No resulta casual que éste tipo de planes se establezcan en países en dónde los recursos naturales son considerados como estratégicos y como asunto de «seguridad nacional» para el gobierno de los USA. Tampoco resulta casual que lo sucedido en Iguala se haya realizado en un contexto en donde las reformas neoliberales se han terminado de aplicar pese a las diversas manifestaciones de repudio.
Crimen y violencia de clase
Los sucesos de Iguala expresan no sólo una política de Estado que protege los intereses de la burguesía trasnacional y nacional, sino de igual manera, expresa en toda su crudeza la configuración clasista de la sociedad. Las masacres de los años recientes, la desaparición forzada de luchadores sociales, los presos por motivos políticos, las ejecuciones extrajudiciales, tienen una cosa en común: sus víctimas son personas que debido a la situación de injusticia, precariedad, expoliación, privatización y explotación que priva en sus comunidades han emprendido procesos organizativos de resistencia y de lucha en contra de las políticas que el Estado mexicano implementa.
Organizaciones indígenas y campesinas, trabajadores, activistas defensores de los derechos humanos, estudiantes indignados, son las principales víctimas de la violencia desatada en los últimos años. No se encontrará una política sistemática represiva que atente contra los grandes empresarios que invierten en México, ni tampoco contra los guardianes y defensores de dichos intereses que se encuentran en la cámara de senadores y diputados o que duermen en los cuarteles militares.

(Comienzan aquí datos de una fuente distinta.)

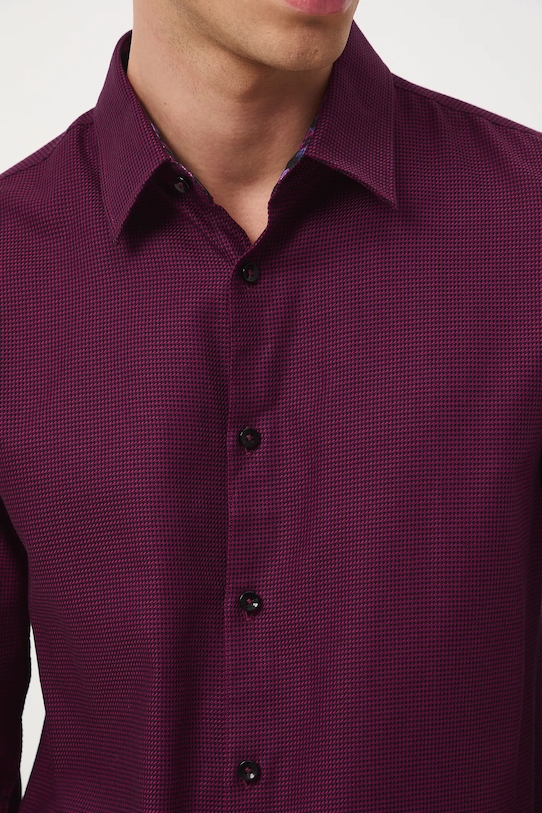 Košile pánská s klasickým límcem s jemným vzorem RW25-KDM700 burgundské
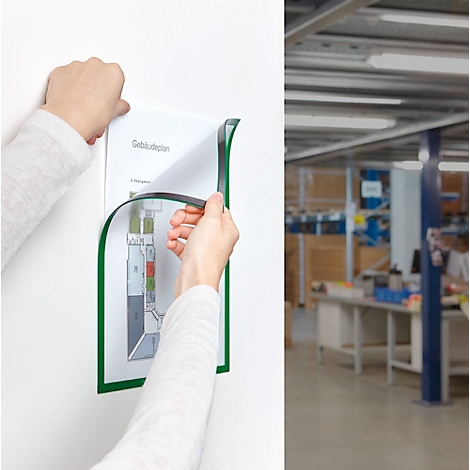 Magnetischer Dokumentenrahmen an einer metallischen Oberfläche, der Flexibilität bei der Befestigung zeigt.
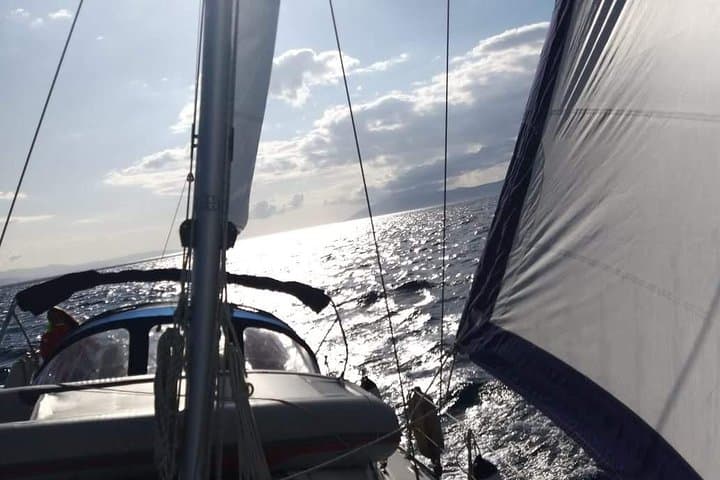 Sail the Dalmatian Islands: Day Trip from Tučepi to Hvar and Brač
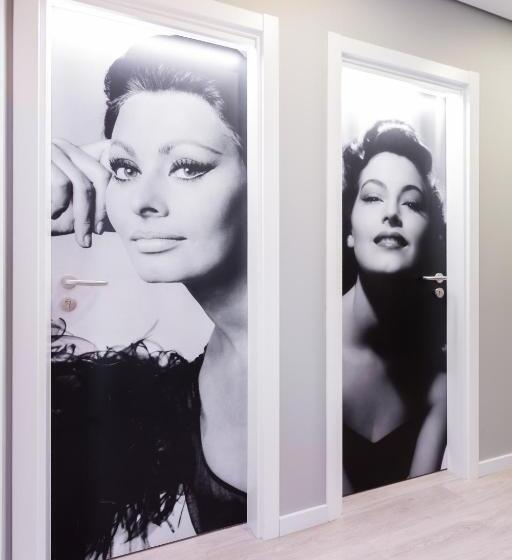 פנסיון Chic Studios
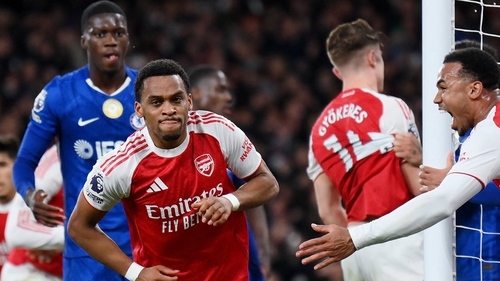 Gary Neville: Arsenal sẽ trải qua 10 tuần "đau đớn" để giành chức vô địch Premier League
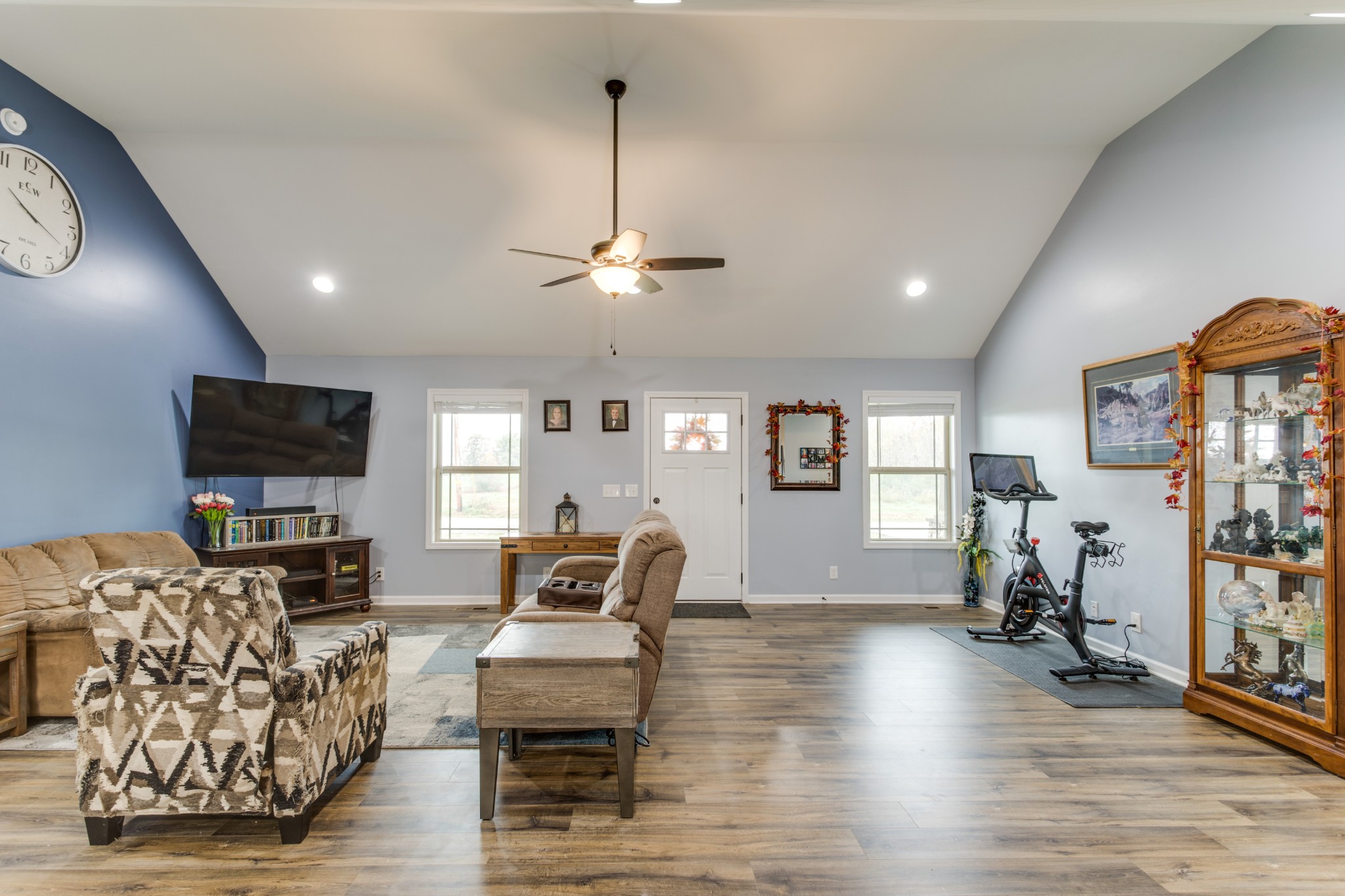 8566 Fredonia Rd
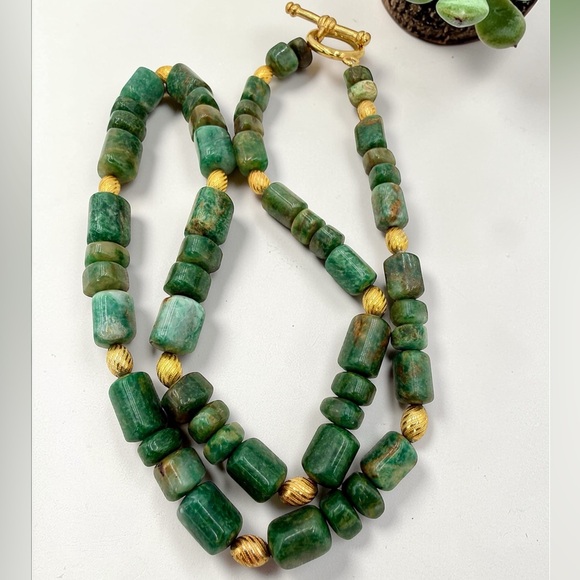 Mineral Grade Emerald Nugget Bead Necklace GoldTone Spacers Toggle Clasp 18” 53g - Picture 12 of 17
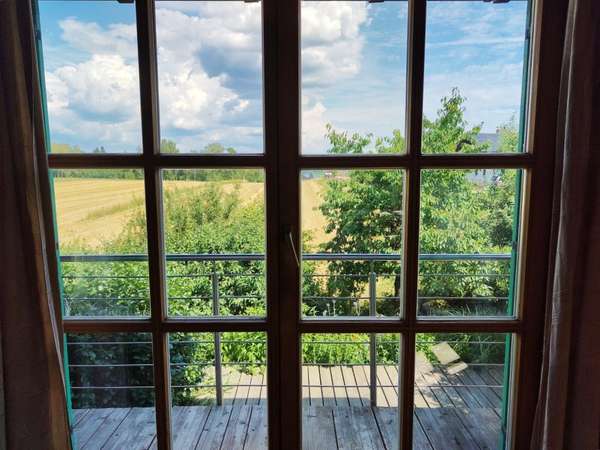 Blick in den Garten vom Esszimmer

Si sostenemos que el neoliberalismo, como dice David Harvey6 en su análisis sobre éste, es un proceso político para restaurar o crear el poder de clase, es decir de la clase capitalista, podremos observar que la política implementada por el Estado mexicano durante los últimos 30 años ha desmantelado los derechos de los trabajadores mexicanos, al mismo tiempo que ha permitido la expoliación de los recursos naturales ubicados en comunidades indígenas o campesinas. Todo ello para el beneficio de las empresas extranjeras y nacionales que logran con esto tasas más altas de ganancias y de explotación.
Así pues, la violencia que se ha instalado en la sociedad mexicana proviene de una política específica encaminada a asegurar la reproducción del capital y el saqueo sistemático del país y sus recursos.
«Fue el Estado» reza la consigna y no se equivoca. La violencia tiene un origen y beneficia a una clase. «Fue el Estado» porque el Estado responde a la dinámica de acumulación del Capital.
Notas
1Véase la entrevista realizada por Loret de Mola en donde el Procurador expresa, «Esto es una debilidad brutal del Estado de Derecho. .. Está ya el Ejército, la Marina, la Policía en el lugar para restaurar el Estado de Derecho que estaba perdido ya en esa zona».
2Donde señalan la participación y la forma de actuar no sólo de los policías sino de los militares.
3Véase la revista Proceso, número 1989, «La verdadera noche de Iguala.».
4Según la cifra calculada por el Fondo Monetario Internacional
5Véase http://spanish.mexico.
6Harvey, David. Breve historia del Neoliberalismo, Akal, España, 2007.